# Milking a 3 nippled goat?



## Iceblink (Dec 6, 2008)

So I just bought a ND doe that is pregnant for the first time. She was really shy when I went to pick her up, plus she was muddy and hairy, so I didn't get to look her over as much as I should have. 

Today I realized that she has 3 nipples, or rather 2 and a half. She has a nipple about the size of a small finger to the first joint growing out of one of her other nipples. Will I be able to milk her? The lady who sold her to me didn't mention it, what would you do in this situation?


----------



## liz (Oct 5, 2007)

Did you notice wether this extra teat has an orifice? If it does, milking her can be a trial but it is possible, you'll just need to be avoiding the stream that comes from that extra teat. If there is no orifice then the extra teat won't interfere with milking. I will suggest that ANY bucklings she has be banded and please check the doe kids as well...if they show the double teat too, I would not breed them.

Also, either the breeder did not notice this defect or she just did not say a thing about it. Sorry, it really burns me that something like this goes "un noticed"...I for one notice EVERY detail about my goats and am very up front about any imperfections with kids.


----------



## Iceblink (Dec 6, 2008)

I was thinking about asking to return her and get my money back. I did pay quite a bit for her, and although I had thought I might end up eating any kids, I'm upset that that seems to be my only responsible option.....

She's really skittish and I don't want to upset her too much by poking around. She is due in 3 weeks, and I thought the less stress the better. 

I did find out after I bought her, that her half sister (same age) prolapsed pretty severely, and has had to be stitched up until kidding. I don't know if that kind of thing runs in families, but with the extra nipple too......

What would you all do?


----------



## liz (Oct 5, 2007)

I am so sorry you are dealing with this....totally not your fault nor should have to deal with it :hug: 

If this was a recent purchase I would definatly be asking for a refund. If you choose to "call out " the breeder on the defect make sure she knows why.
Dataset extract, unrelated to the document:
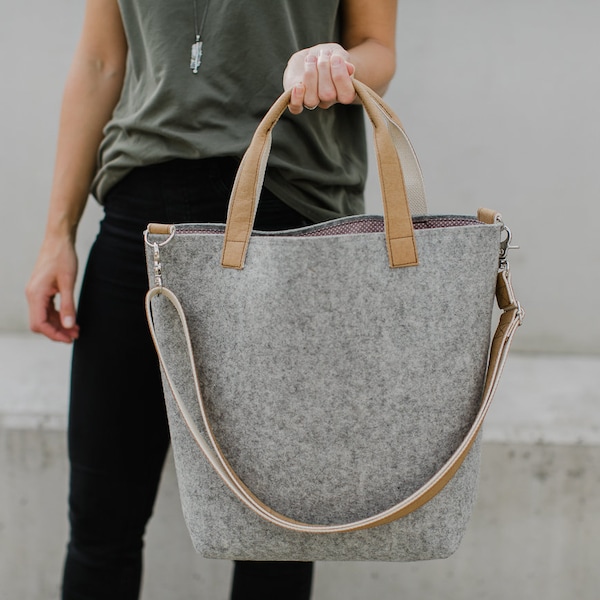 Women Tote Bag, Felt Tote Bag, Diaper Bag, Wool Tote Bag, Tote Handbag, Crossbody Bag, Christmas Gift, Gray Shopping Tote Bag, Xmas gift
Some just don't have a clue...or don't care to :sigh: 

Prolapses generally are not genetic, the teat factor is though.....and even though the kids will likely go to freezer camp, it would be nice to have other options as to their future...the teat thing totally takes that away unless they are pets only.


----------



## grammy-g (Apr 18, 2013)

Should I buy a month old LaMancha kid that has a 3rd teat w/out an orifice since I am only interested in milking for my family? She will cost $125.00 since she's defected.


----------



## grammy-g (Apr 18, 2013)

Should I purchase a month old female kid w/a 3rd teat for $125.00? I am only interested in milking for my family.


----------



## goatgirl132 (Oct 18, 2012)

grammy-g said:


> Should I purchase a month old female kid w/a 3rd teat for $125.00? I am only interested in milking for my family.


The only thing id have a problem with is when breeding you dont want that passed down incase one wants to show an off spring. 
Persionally id pass and buy a better one 

Oh and if its your first time having a milk goat. Id butly an older one thats calm on the stand and already in milk so shed be used to it at the time.
Just my opinion
show goat/lamb equipment
www.Facebook.com/wickedshowchains


----------



## MrKamir (Nov 2, 2009)

I raise Nigerian Dwarfs and never seen this. I have seen this with certain meat goats. Is she a mix or pure nigerian? With all the hair you mentioned, I'm wondering if she is part silkie which sometimes have the 3 teats.


----------



## clearwtrbeach (May 10, 2012)

I'd say hair is probably the time of year, mine are just now shedding out. As for seeing it in Nigi's I actually know someone with a buck she just noticed had one also. He came from well known lines and she has used him as a sire, she did contact the breeders and they had no idea (I don't know if they just didn't check being a buck & or not seeing it in their lines before). She has since banded any bucks out of him and sold him as a family milker. Although, non of his kids or grandkids so far have shown it. So it's there just not as prevalent as in Boers for example. JMO


----------



## grammy-g (Apr 18, 2013)

Thanks alot, this is my first.


----------



## clearwtrbeach (May 10, 2012)

grammy-g said:


> Thanks alot, this is my first.


Yeah me too, for dairys


----------



## happybleats (Sep 12, 2010)

IMO..For a family milker there is no reason not to get her..as long as her third teat is not in the way of milking. What some may not realize is how many sneaky breeders snip that third tip or tie them off with fishing string at birth..the new owner is unaware....but the trait is passed on just the same. When you breed her..Breed up..find a buck with out standing genetics and perfect teats..
If you love her look...she is in good health...she will be a family milker,( not show) I say go for it..: )


----------



## goathiker (Apr 14, 2011)

grammy-g said:


> Should I purchase a month old female kid w/a 3rd teat for $125.00? I am only interested in milking for my family.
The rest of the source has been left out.